Opinion

Al Gore Is Confused About The Nature Of Truth Itself

Frederic Legrand - COMEO / Shutterstock.com

Tom Harris Executive Director, Climate Science Coalition
Font Size:

Overlooked in the debates about former Vice-President Al Gore’s global warming films, An Inconvenient Truth (2006) and An Inconvenient Sequel: Truth to Power (2017), is the fact that truth is not possible in science. Scientific hypotheses, and even scientific theories, are not truth; they can be, and often are, wrong.

Truth applies to mathematics, chess, and other endeavors in which we write the rules. It never applies to our findings about nature, which are educated opinions based on scientists’ interpretations of observations. Philosophers since ancient times have recognized that observations always have some degree of uncertainty and so they cannot prove anything to be true. Not only are our methods of observing imperfect but, as human beings subject to many influences, we all have biases that affect how we interpret what we think we see.

At first, it was mostly activists and politicians who made claims to certainty about climate change. But increasingly, more scientists now take such an approach as well. A prime example is scientists who work with the United Nations Intergovernmental Panel on Climate Change (IPCC), which has repeatedly claimed that some of their major conclusions are “unequivocal,” in other words, ideas that cannot be wrong.

For instance, the IPCC Fourth Assessment Report Synthesis Report starts, “Warming of the climate system is unequivocal, as is now evident from observations of…”

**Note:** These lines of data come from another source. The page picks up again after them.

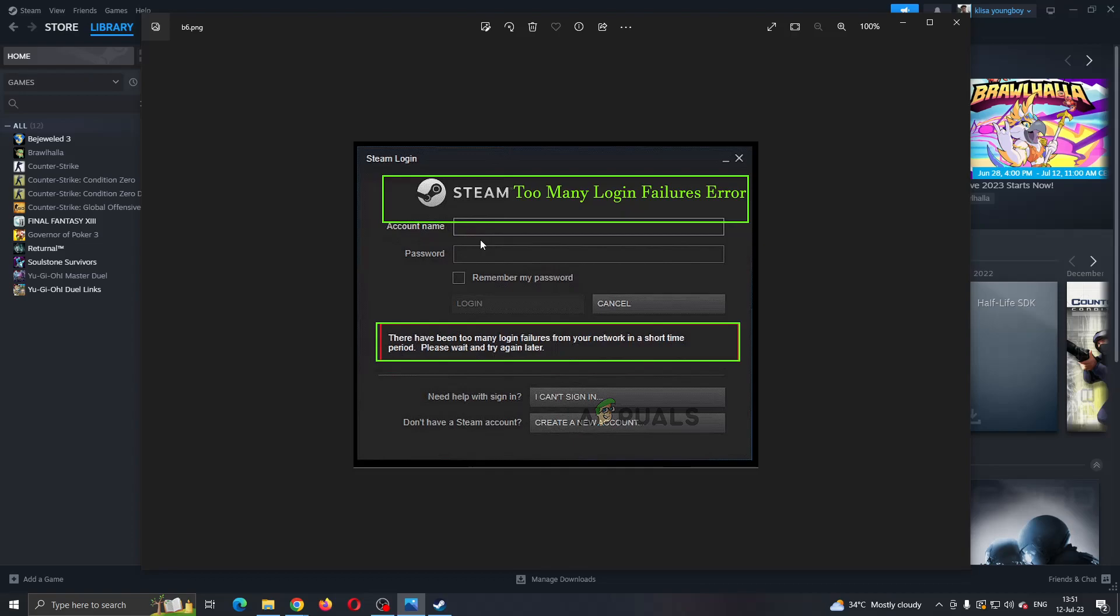If that is correct, then what you want to do is exit out of the Steam application. Basically, you just have to exit out and wait a couple of minutes, maybe up to half an hour or maximally an hour.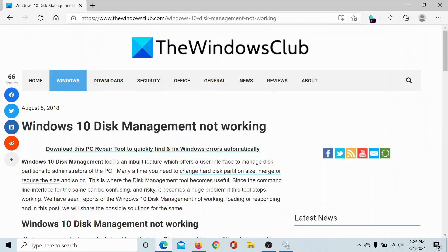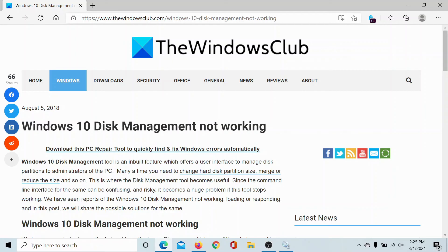And if you have any doubts with all these procedures, then please go to the original article on The Windows Club, scroll down to the comment section, and write your query. We will surely answer it. Do not forget to subscribe to the channel. Thank you for watching this video and have a nice day.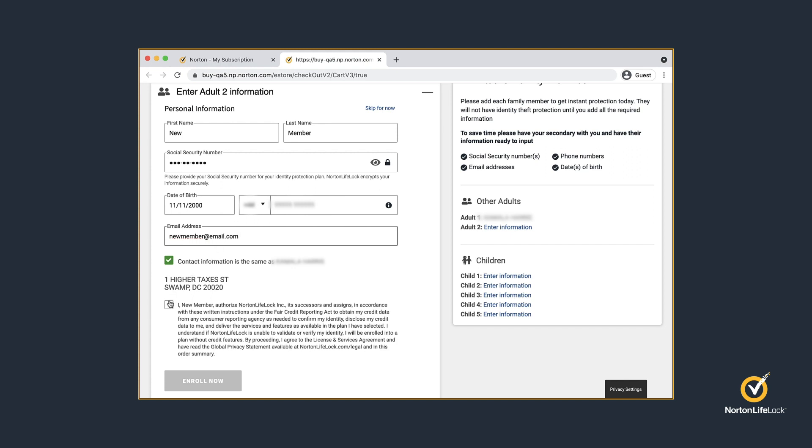Before proceeding with the enrollment, please allow the secondary adult to read and accept the terms and conditions. And then, click Enroll Now.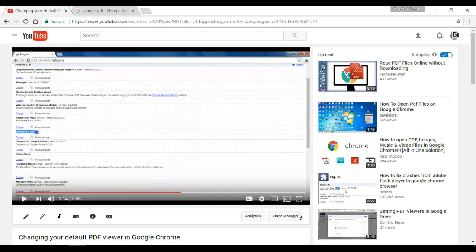Hi there. You might remember a video I put out previously called Changing Your Default PDF Viewer in Google Chrome. I was recently made aware that the method described in that video no longer works, so I wanted to put out this update video that shows you how you can still change how PDFs open in Google Chrome.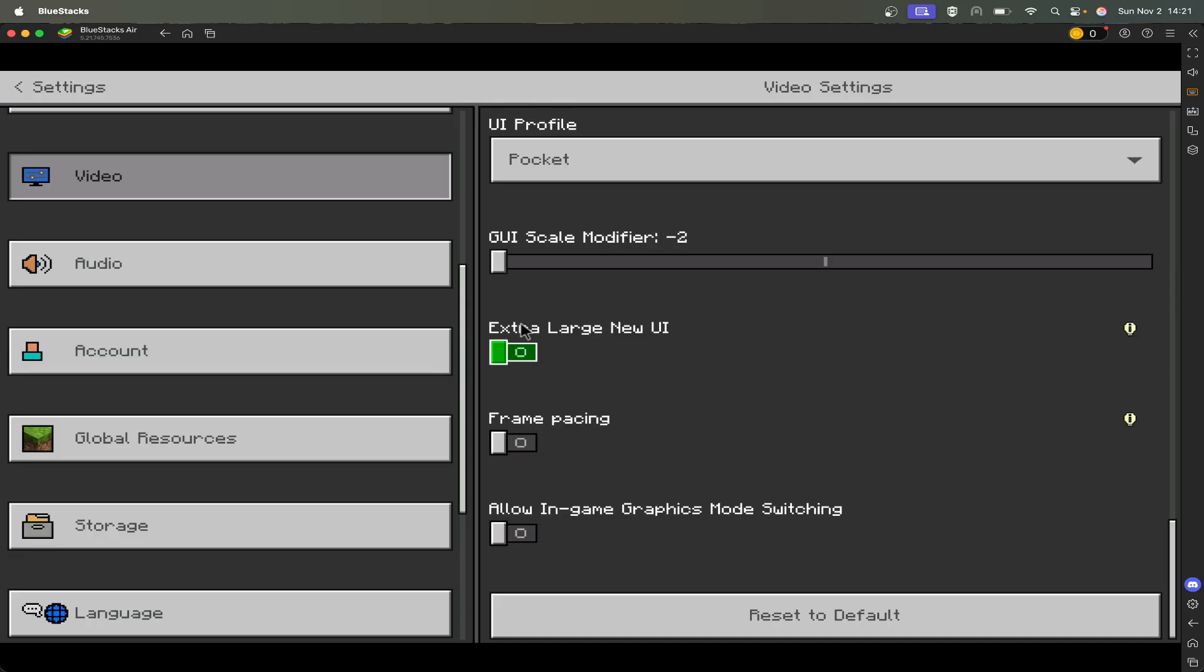And then also, this allow in-game graphics mode switching—make sure that's enabled. I don't know why that's disabled by default. It's kind of annoying when you load into a game and then you want to change from fancy to vibrant or something, and you have to exit all the way back to the menu. I don't know why it does that, but this will allow you to change it in-game.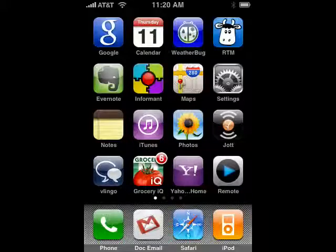Hi, this is Mike Callahan, Dr. File Finder, and welcome to your Butterscotch.com tutorial on how to update Facebook and Twitter using your voice on your iPhone with Vlingo.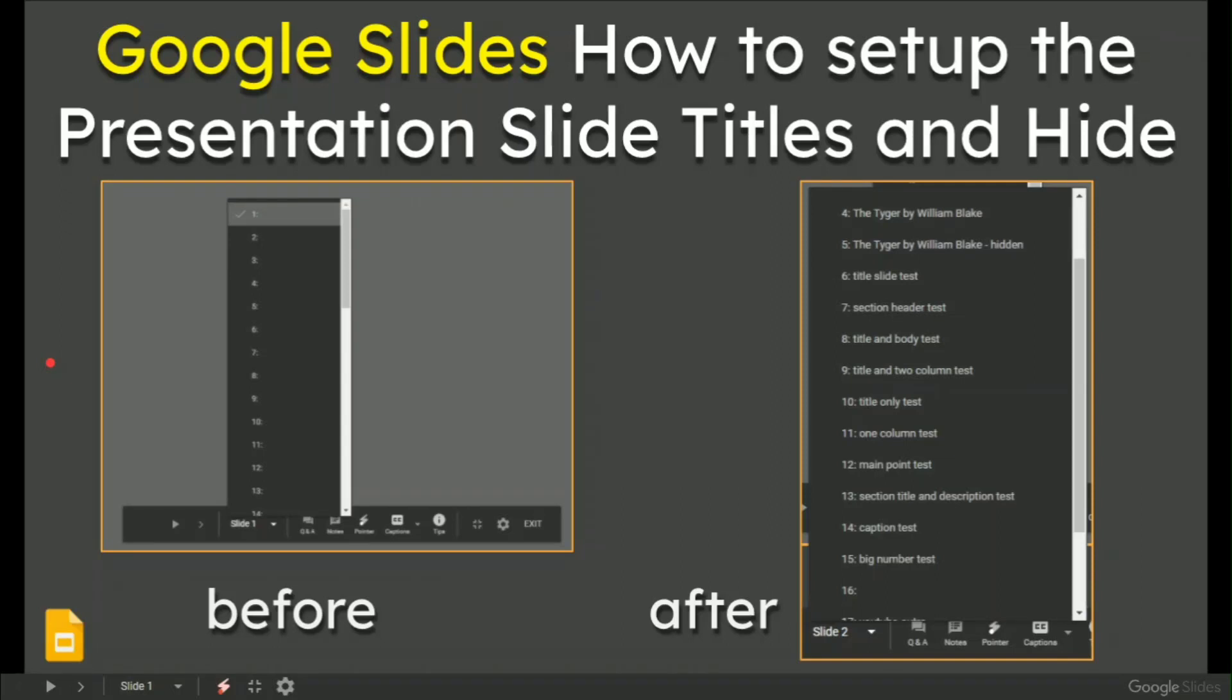In this video, Google Slides: how to set up the presentation slide titles and hide them, should you need to.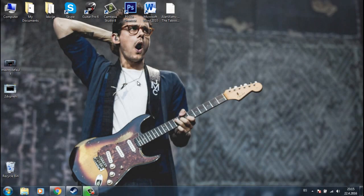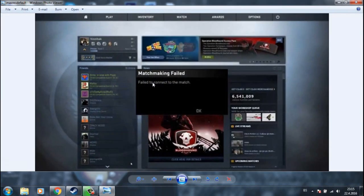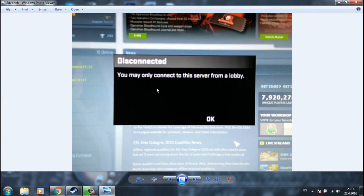Hello YouTube, in this video I will show you how to fix this CSGO bug. Matchmaking failed, failed to connect to match, and also this: disconnected, you may only connect to the server from a lobby.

Although a supporter of the dangerous human-caused global warming hypothesis, Lehigh University philosophy professor Steven Goldman explained in a personal communication that the IPCC statement is faulty. It is “an attempt to persuade extra-logically,” said Goldman. “Strictly logically, no observations can lead to an ‘unequivocal’ interpretation.”

David Wojick, a Virginia-based Ph.D. in the logic and philosophy of science, disagrees with Goldman about climate change but agrees that the IPCC made a serious mistake in the Synthesis Report. “Reasoning from evidence is inductive logic,” said Wojick. “As for unequivocal, that is never the case in inductive logic.”

Yet, in speaking about the IPCC Fifth Assessment Report, Working Group I co-chair Dr. Thomas Stocker asserted that “warming in the climate system is unequivocal.” Canadian historical climatologist Dr. Tim Ball calls Stocker’s statement “nonsense.”

The promotion of absolute truths in science has impeded human progress for centuries. For example, when the Greco-Egyptian writer Claudius Ptolemy proposed his Earth-centered system, he did not say it was physical astronomy, a true description of how the universe actually worked. He promoted it as mathematical astronomy, a model that worked well for astrology, astronomical observations, and creating calendars.

It was the Catholic Church that, relying on a literal interpretation of the Bible, promoted the Ptolemaic system as truth to be questioned at one’s peril. This was why Nicolaus Copernicus, a Canon in the Church, waited until he was on his death bed before he allowed his revolutionary book showing the Sun to be the center of the universe to be published, even though the text was completed three decades previous. This is also why Galileo had so much trouble when he claimed that the Church was wrong and that Copernicanism was the truth, a position that Galileo could not really know either.

Later, the assumed, unquestionable truths of Isaac Newton’s laws eventually acted to slow the advancement of science until Albert Einstein showed that there were important exceptions to the laws. When authorities preach truth about science, progress stops.

Einstein once said, “Whoever undertakes to set himself up as a judge of truth and knowledge is shipwrecked by the laughter of the gods.” It might be humorous to the gods, but when eco-activists like Gore succeed in suppressing debate about climate change—one of the most important issues of our age—we all lose.

Tom Harris is executive director of the Ottawa, Canada-based International Climate Science Coalition.